We always want to dominate your time. This is because you have been chosen as the primary source of fuel. It is therefore our entitlement and your obligation to provide us with fuel and to do so to an excellent standard and frequently. It is also because we want to ensure we retain knowledge of everything that you are doing so we can continue to manipulate you and head off any threats we identify. It also allows us to isolate you by spending as much time as we can with you. How does this manifest?
- We organise your social life for you. We plan days out, evenings out and weekends away without recourse to you. We make the holiday plans, we invite people to our house and ensure that our invitations are organised with those who are under our spell, those who form the façade and our coterie. You will find your available time at weekends and holidays already filled. Of course, all of this is done under the pretence of doing something pleasant for you, to surprise you and to reward you because you work so hard. Who is going to object to such thoughtfulness?

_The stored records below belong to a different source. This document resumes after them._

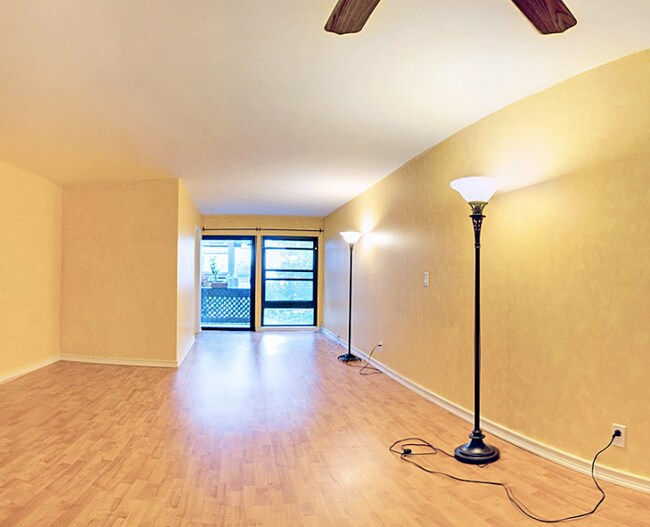 Sala de estar - 7742 Redlands St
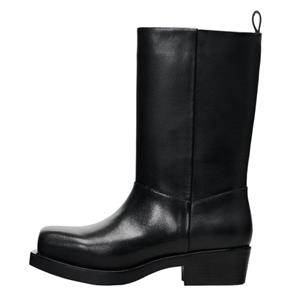 بوت زنانه مدل LEATHER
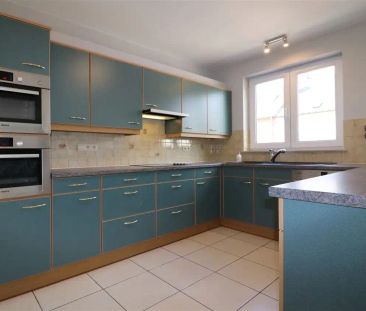 Appartement met 2 slpk., grote garage en terras, rustige ligging - Photo 3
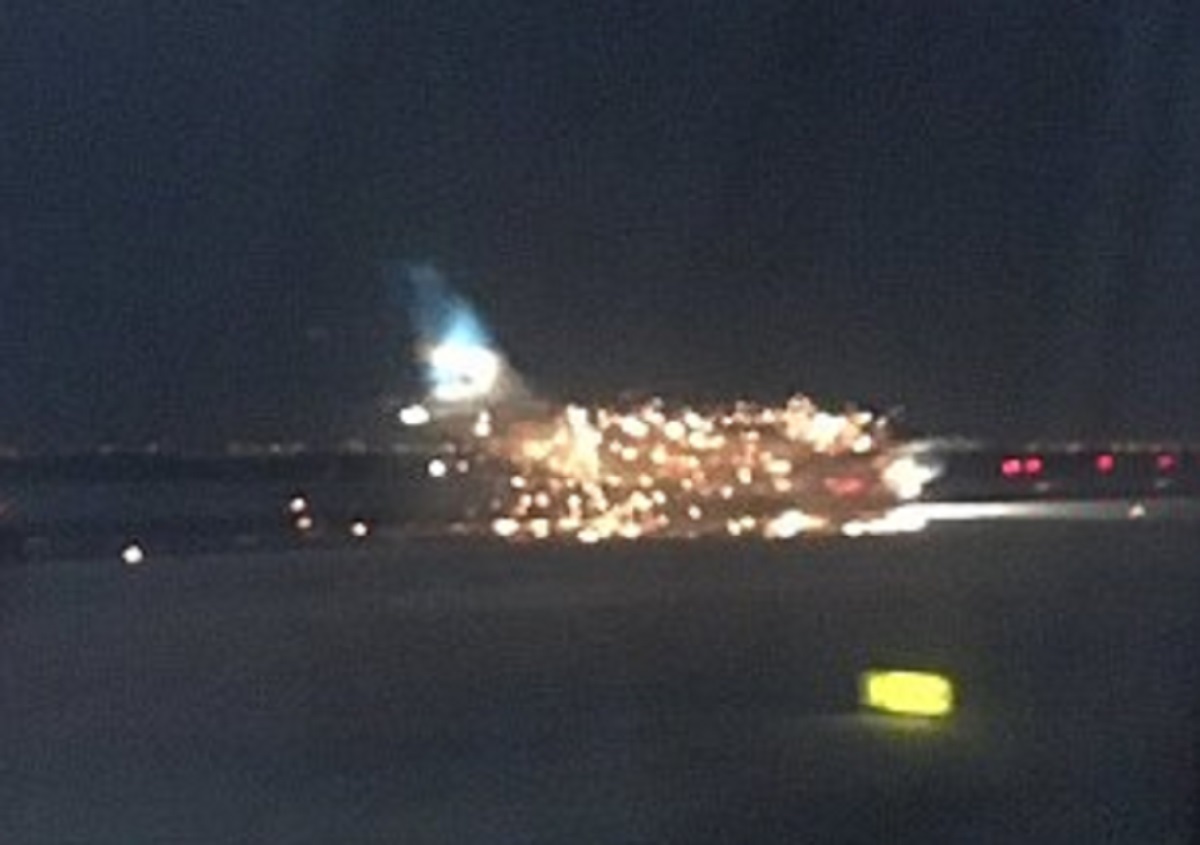 Un avion a luat foc pe pistă pe Aeroportul Internațional John Kennedy. Din primele informații focul s-a aprins la motor.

- If you arrange for friends, your friends, to come to our house and you understandably tell us about this we will not accept that you want to spend time with them alone. Why would you want to do this? We see no boundary here and will always assume that we are invited to attend as well. It does not matter that it is your friends and we might be the only man amongst several women, that does not concern us at all. All we care about is keeping an eye on you and seeing such an opportunity to draw fuel from the others guests. As time progresses and this takes place during the devaluation we see it as an excellent chance to cause a scene and sabotage your evening in some way. The muted enthusiasm for our attendance from your guests and the comments of,
“I’m surprised to find you here still.”
“I thought you were going out?”
Will not prove of any concern to us. To you and your guests we appear to have the hide of rhino and a complete short-sightedness, being unable to pick up on the signals that we are not welcome at this gathering. We know we are not welcome but that is irrelevant. We go where we want and when we want. Besides, all those reactions just add up to fuel and we want to remain a presence so that eventually your friends tire of us being in the house at the same time and interacting, so that they decide against visiting.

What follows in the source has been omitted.